DELAWARE TWP. — Tony Sundstrom, 66, of Delaware Township and his brother are heirs to a fortune in antique porcelain and priceless oil paintings. At least they would be if it all hadn’t been stolen during World War II.
Sundstrom’s mother, Mariella, was a Hatvany. The Hatvanys made their money in agriculture and had been awarded an aristocratic title for making sugar beets a major crop in Hungary. Mariella was a baroness and lived in a palatial mansion in Budapest, Hungary. The place was filled with antique furniture, tapestries, paintings, sculpture and porcelain.
The Hatvanys were of Jewish ancestry, so when the war drums started beating, Mariella moved to America in 1938. “My mother was ripped out of a fairy tale, and just came over here and went to work,” leaving her baronial title in Europe, Sundstrom says. But when the Nazis overran Hungary, her grandmother and one of her uncles were hidden by neighbors' servants in caverns beneath the neighborhood, and they eluded capture for the duration of the war. The mansion and all its treasures were left behind, and in 1940 German SS officers moved in. Later waves of fighting men of a variety of nationalities swept through Budapest.
He doesn’t know who all had access to the mansion. But what he does know is that when the dust settled and the new communist government seized the Hatvany’s agribusiness empire, warehouses and residences, the Budapest mansion had been stripped of its furnishings and artworks. The building is now a museum of music history.
During the war, Mariella was living and working in New York City, making weekend visits to the farm that her aunt Antonia Hatvany, another former baroness, had purchased in 1936 off the Lambertville-Headquarters Road in Delaware Township.

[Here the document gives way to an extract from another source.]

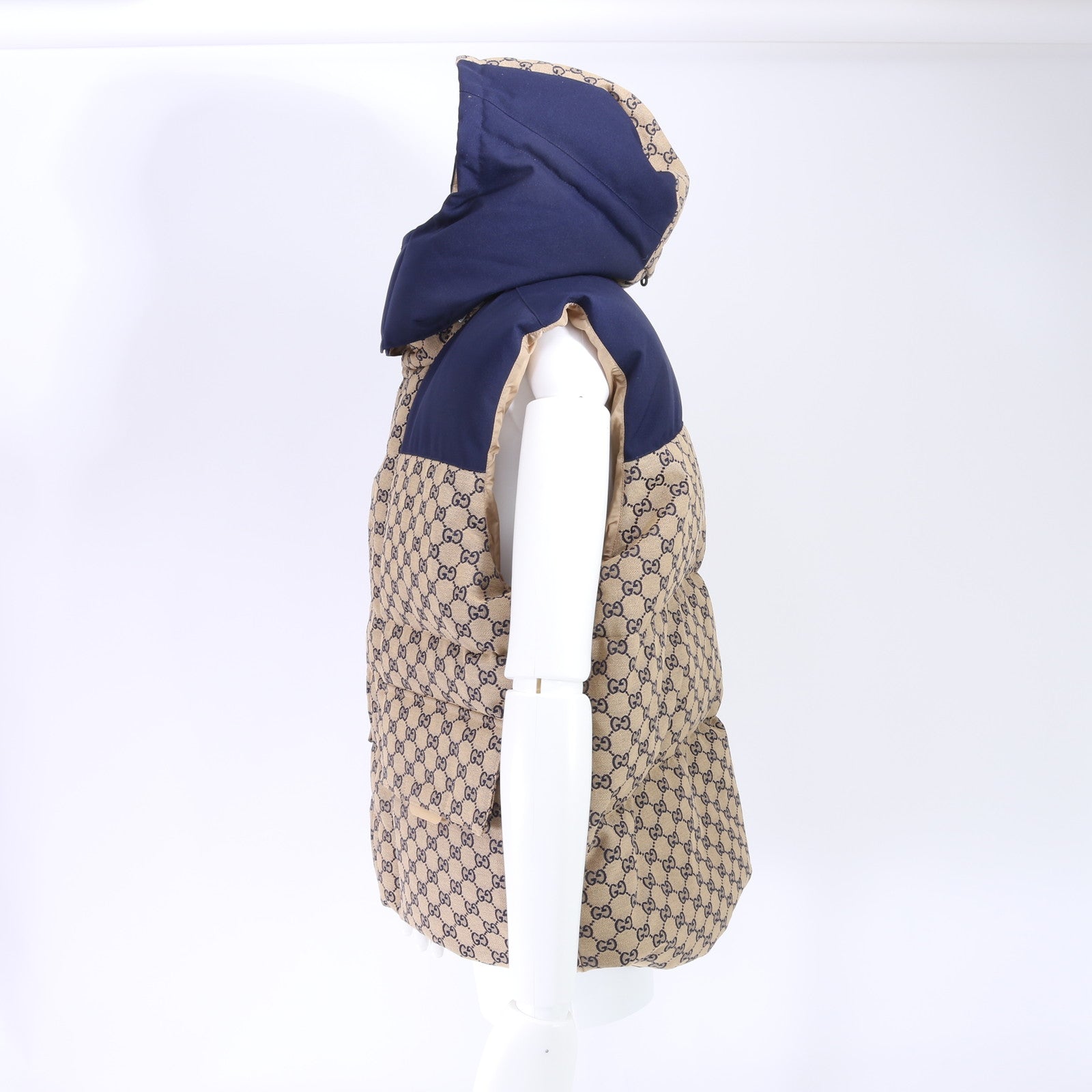 新品同様 現行品 グッチ GGキャンバス ダウンベスト 取り外し可能 フード 付 48 Mサイズ 相当 アウター メンズ EHM 1205-H107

Eventually, Mariella married and made her home there, too, raising her two sons in a rebuilt and converted barn. She taught ancient history and art history at Solebury School in Bucks County, and her husband, Ed Sundstrom, worked at the Princeton University bookstore. The boys attended the Solebury School, and Tony took to visiting Schuck’s garage in Stockton, learning how to fix cars.
Although Tony made his living fixing and restoring vintage vehicles, he now depends heavily upon Social Security. He still resides in the house he has lived in since he was one. His brother, Tom, 71, lives in Vincentown, suffering from a succession of medical problems. For the past 10 years, the Sundstroms have been clients of Klein, Solomon & Urbach, a law firm that helps Holocaust survivors and their heirs to recover property seized before and during World War II.

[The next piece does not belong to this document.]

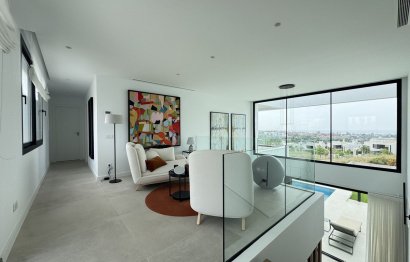 Resale - House - Detached Villa - Estepona - Cancelada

Although Tony has been hoping his family heirlooms would turn up for a long time, two recent events have caused his hope to burn a little brighter — seeing the movie “The Monuments Men,” and the discovery of 1,400 pictures in Munich, many of which may have been stolen by the Nazis.
“The Monuments Men” stars George Clooney. Tony found it “thrilling and encouraging.” It is about a platoon sent into Nazi Germany to rescue stolen art masterpieces. And the Hatvany collection may have enough star quality to be in their own movie. A pre-war inventory of the Hatvany paintings includes works by many substantial names from the 1400s-1800s, including Domenico Tintoretto, Il Guernico, Sebastiano Ricci, Sir Joshua Reynolds, Theodore Rousseau, Sir Thomas Lawrence, Ferdinand Georg Waldmuller, Aert van der Neer, Theodor Rombouts, Sir Peter Lely, Jan Van Goyen and more.
In Munich authorities seized 1,400 paintings, drawings and prints from Cornelius Gurlitt, the son of an art dealer who had dealings with the Nazis. They are currently trying to figure out which ones are Nazi loot. None of them are from the Hatvany mansion, Tony says.
But the next cache uncovered might be. “Ninety percent of the artwork stolen by the Nazis hasn’t been recovered yet,” Tony says. The Hatvany treasures could have been carted away to other countries, or kept in Hungary, hidden in basements or caverns. Tony has no clue; he’s “hoping for a break.” As people die and real estate changes hands, there is a slow churning that could one day turn up a piece that will lead back to the mother lode.
Or someone who fled Hungary long ago and settled in one of the Hungarian enclaves in Trenton or New Brunswick will read this story, get in touch with Tony’s attorney Mel Urbach at email@example.com, and say, “I know something. I saw the trucks going away from the Hatvany palace.”
Even if some Hatvany treasure is found, it is far from certain that it will just get handed over to him. Whoever is holding it now may be a link in a chain of good-faith purchasers who had no idea they were buying stolen property. In that case, Tony says, “We deal,” and make “a reasonable, mutually agreeable settlement.”
Tony is more hopeful than confident that European riches will rain down to enable him and his brother to have better lives. But to him it’s worth a flirtation with fortune. “If you don’t go up to the pretty girl and ask her out, she’s not going out with you,” he says with a philosophical smile.